Both intrigued and scared, we got out and started to look around. Karl and Meghan beelined over to the records while I perused the other stuff. Books and zines were spread across the driveway and while it was an encouragingly odd mix, I didn’t find anything I needed to bring home.
Most of the cassettes were of the indie/weird variety, but there were a couple of cheesy looking motivational items as well.
They also had a handful of t-shirts and other random items.
I think I was the only one to leave this sale empty-handed.
At this point we were sort of close to an estate sale that had been listed as “What a digger!” Honestly, I am not sure what the sellers think that “digger” means … everything was arranged fairly neatly, maybe there were a few boxes that needed to be unearthed in the basement but on the overall scales of estate sale this one was pretty sane and tidy. And expensive … they had a few items I was sort of drawn to, but not for what they were asking.
This was not one of them — I do not want this in my house for any price.
One room had an odd assortment of toys and games. This pink elephant and mutant-looking dog seemed to belong together. I don’t know what is up with that “Jogger” thing in the background.
At one point Meghan called out, “I love Benji!” I thought it was a random proclamation, but no.
As we drove away we decided that the three most overused words in sale ads at the moment are “digger,” “picker,” and “hoarder.” Sometimes your sale is just a sale. You don’t have to make it sound like whatever dumb show is on TV right now. If your sale isn’t potentially hazardous I don’t consider it a digger, and if you are selling your own items you are pretty much by definition not a hoarder. As for pickers, I think Meghan said it best earlier this year: “You don’t need to carry a fucking loupe and a flash light with you to yard sales.

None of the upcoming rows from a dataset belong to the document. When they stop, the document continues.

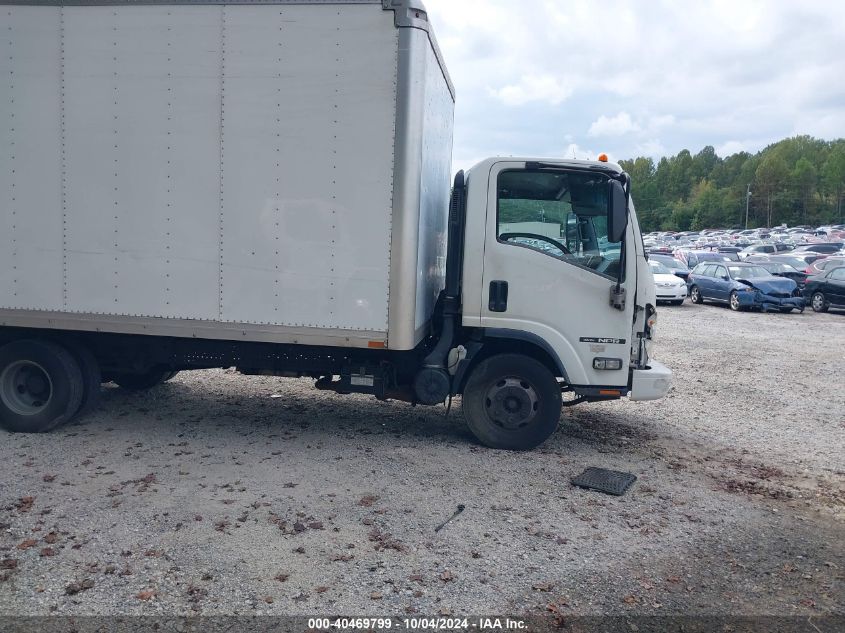 2015 Isuzu Npr Reg VIN: 54DB4W1B4FS802978 Lot: 40469799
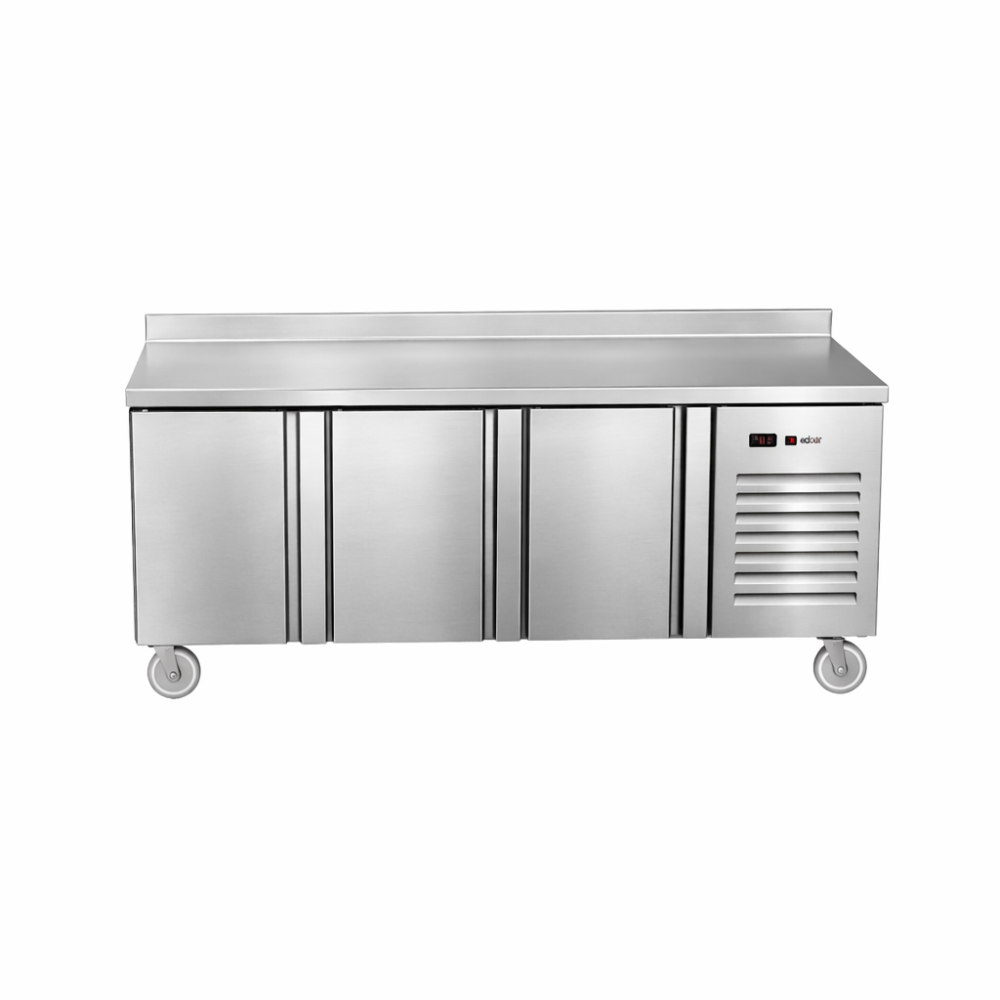 Comptoir de congélation 3 porte 700 mm Référence : 1910.9382 Marque : Technimed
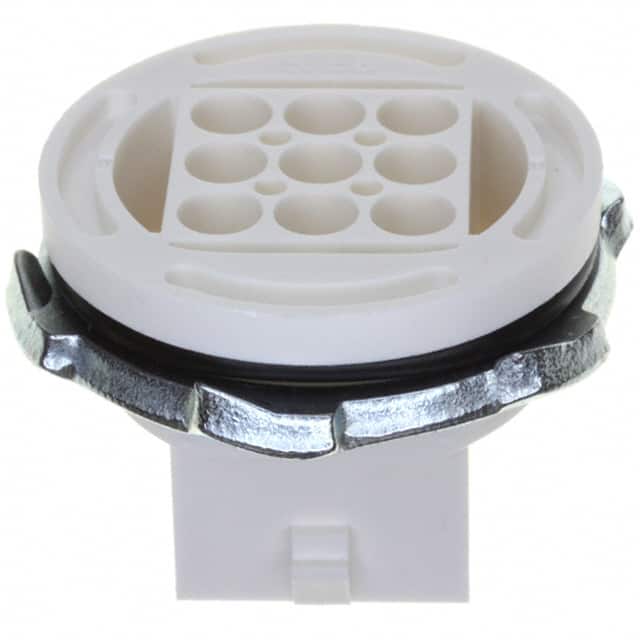 1604254-1 CONN RCPT HSG 9POS SEAL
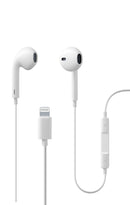 CellularLine Swan Ørepropper med Lightning - Hvit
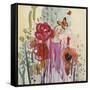 Les Temps Presents-Sylvie Demers-Framed Stretched Canvas
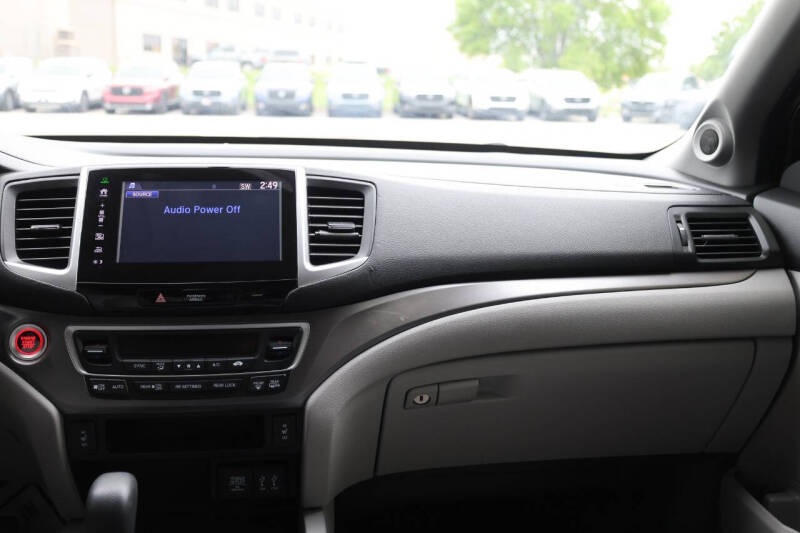 2016 Honda Pilot EX-L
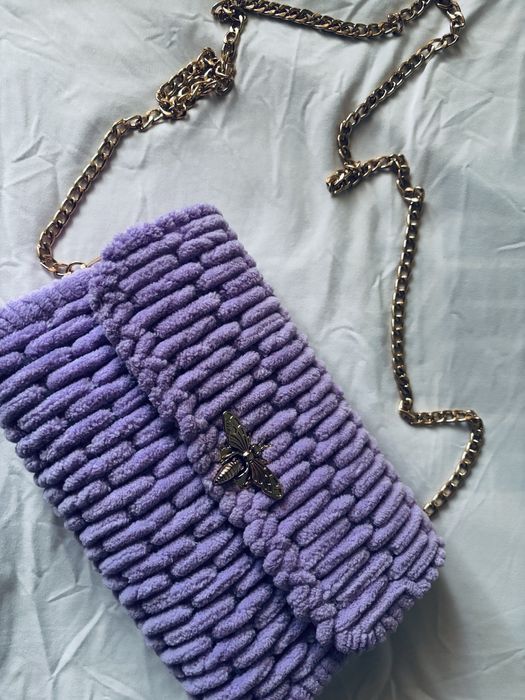 Продам сумочку ручной работы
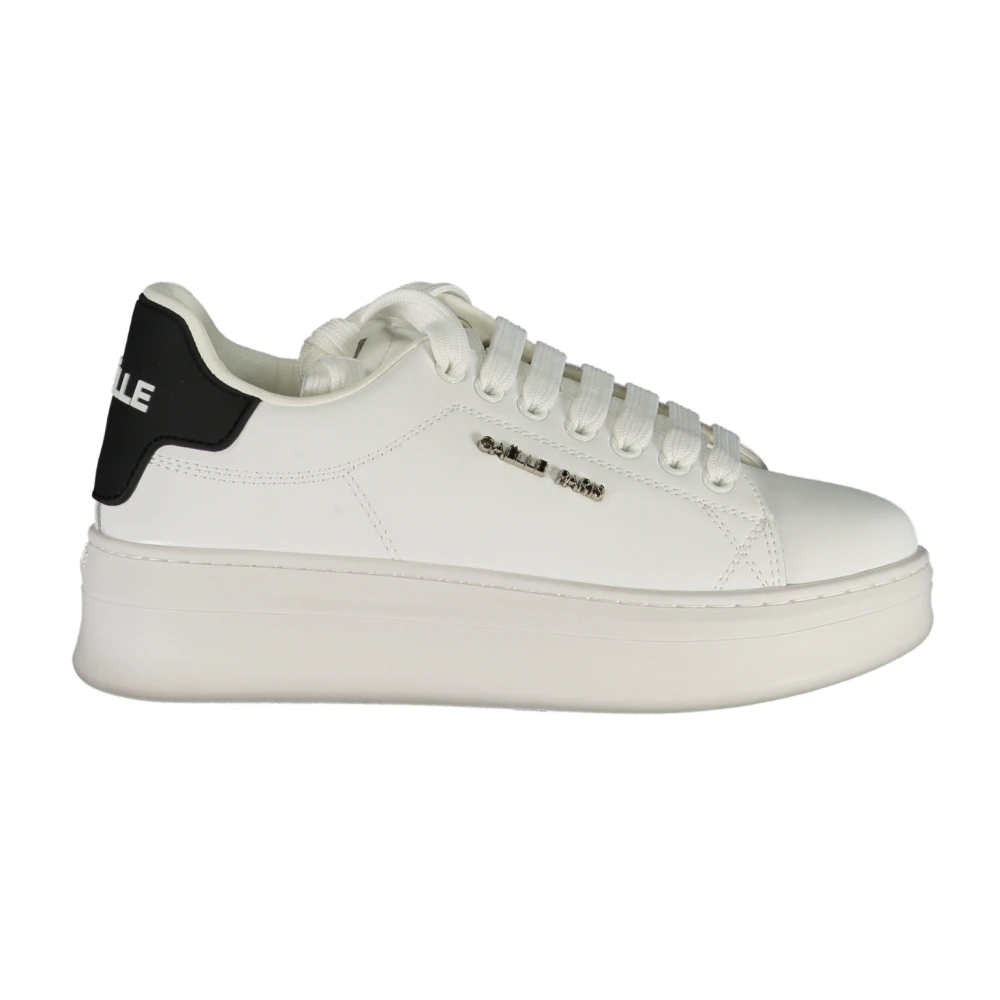 Gaëlle Paris Sportschoen Dames Schoenen Wit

Yes, I get that you saw that on TV, but are you Frank Fritz? No. You aren’t.”
We stopped at one sale where they had this wacky outfit hanging up.

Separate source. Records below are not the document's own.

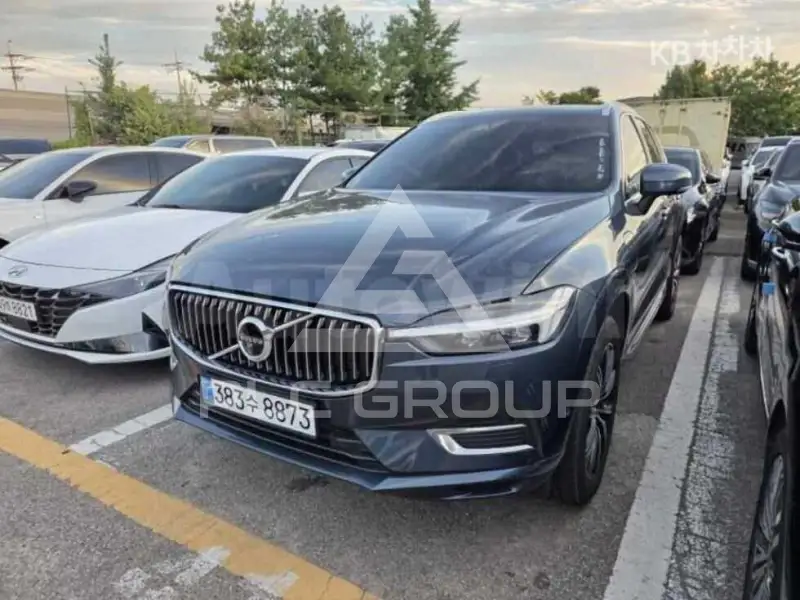 2021 Volvo XC60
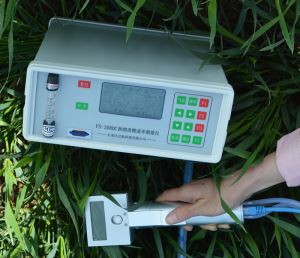 Tester brzine transpiracije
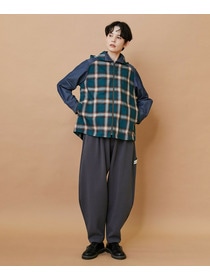 【FRAPBOIS】オンブレー シャツブルゾン 詳細画像 ベージュ 10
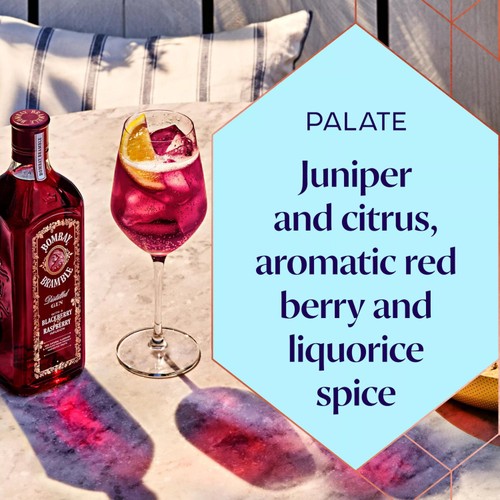 Bombay Bramble Distilled Gin
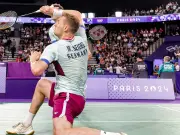 Badminton-EM: Seidel und Nguyen gewinnen Bronze für Deutschland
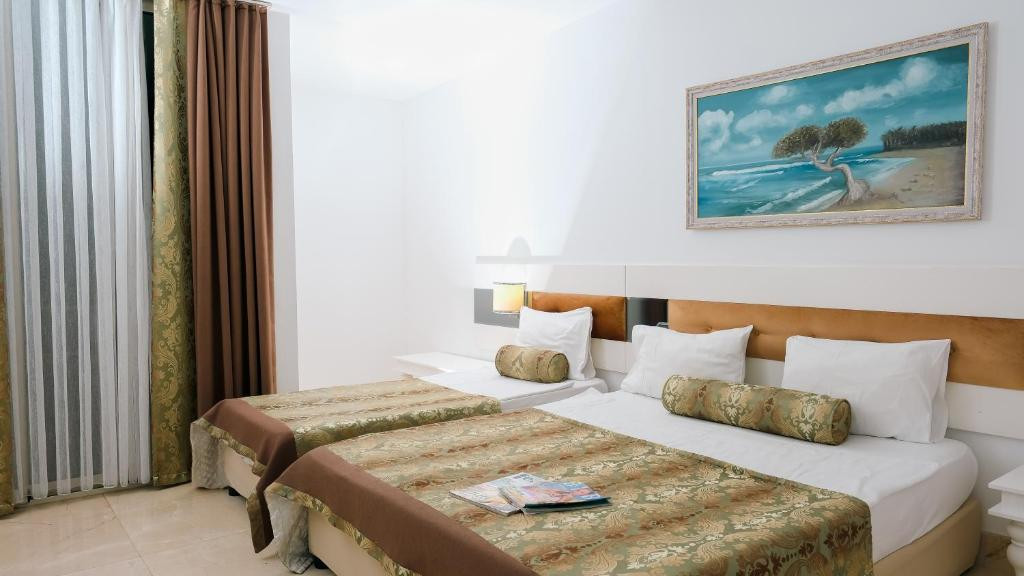 ONKEL HOTELS BELDIBI RESORT 4*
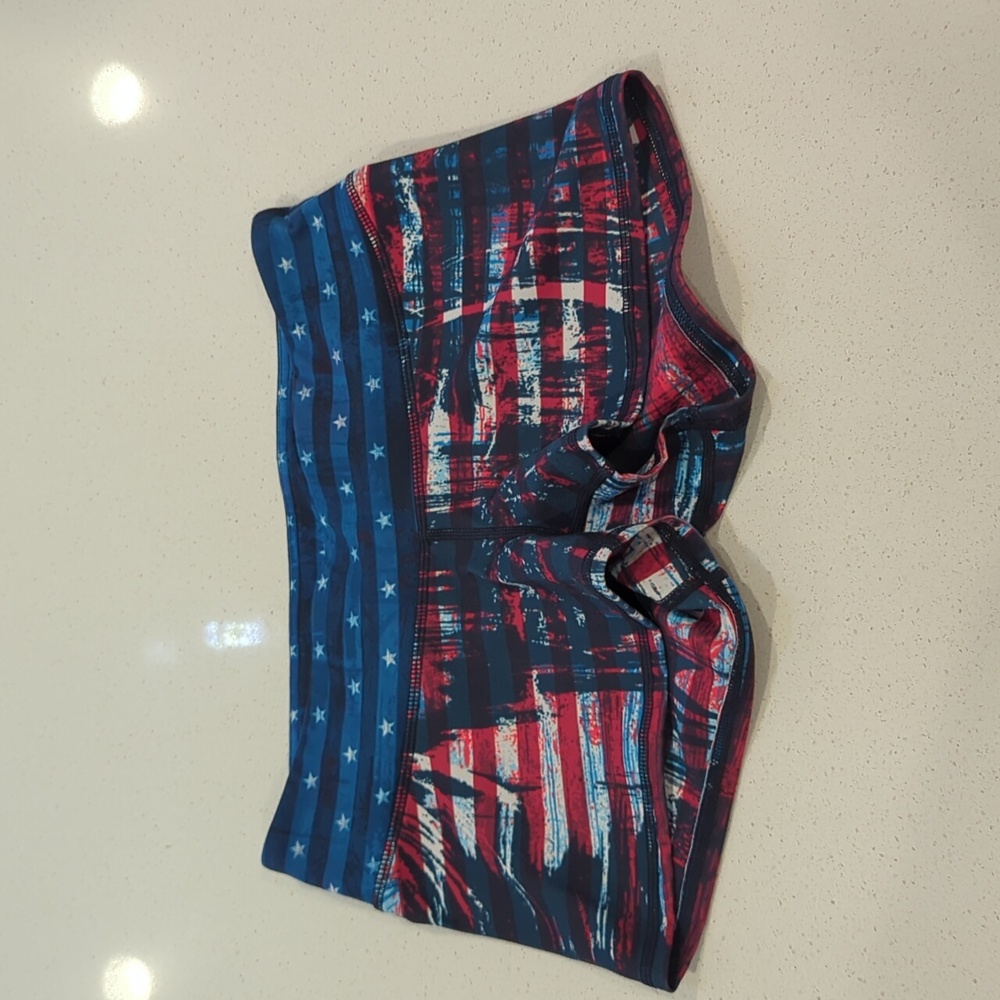 IAB MFG Shorts Patriotic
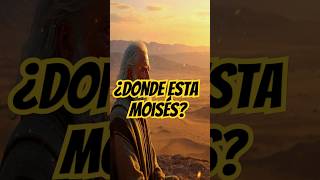 El Misterio de la Tumba de Moisés: ¿Por Qué Nadie Sabe Dónde Está? El Misterio de la Tumba de Moisés: ¿Por Qué Nadie Sabe Dónde Está?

Karl bought a perfectly-sized-for-records wooden crate from them and found out they were moving to Berkeley, where I’m from — one of the sellers asked me if I had any advice and I couldn’t think of a thing. I should have told her not to take the brown acid — yes, that is Woodstock, not Berkeley, but hippies gonna … hip? The seller also told me a funny phrase she had heard to describe newer-style hippies, but sadly I have completely forgotten it now.
We then drove by this sign for a “Stupid Sale.”

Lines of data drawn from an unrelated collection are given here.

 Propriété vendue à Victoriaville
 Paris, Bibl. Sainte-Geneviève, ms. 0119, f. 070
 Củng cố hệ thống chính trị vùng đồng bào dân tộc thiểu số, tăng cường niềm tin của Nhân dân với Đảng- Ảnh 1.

I remembered that Meghan had blogged about going to a “Stupid Sale” a few years back and I thought she’d said it had been bad, but now that I look at the post again I see that it turned out to be “so stupid that [she] couldn’t even find it.” We didn’t end up going to this one, but we did have a discussion about how if you are going to call your sale stupid, you might as well take it all the way and write “STOOPID.”
That turned out not to be the only stupid sign we saw. BARGANS, anyone?
And there was this — though technically not so much stupid as dyslexic.
This other sign was cute — not stupid at all (unless you count the fact that it was lying on the ground in front of the sale, which I suppose isn’t really the best advertising method).
We went to a few more sales, but honestly it’s a blur. All I can tell you is that we saw a family of dog statues …
… and a $200 lobster painting.
All in all, I was happy with the few purchases I made and it was a pretty fun day.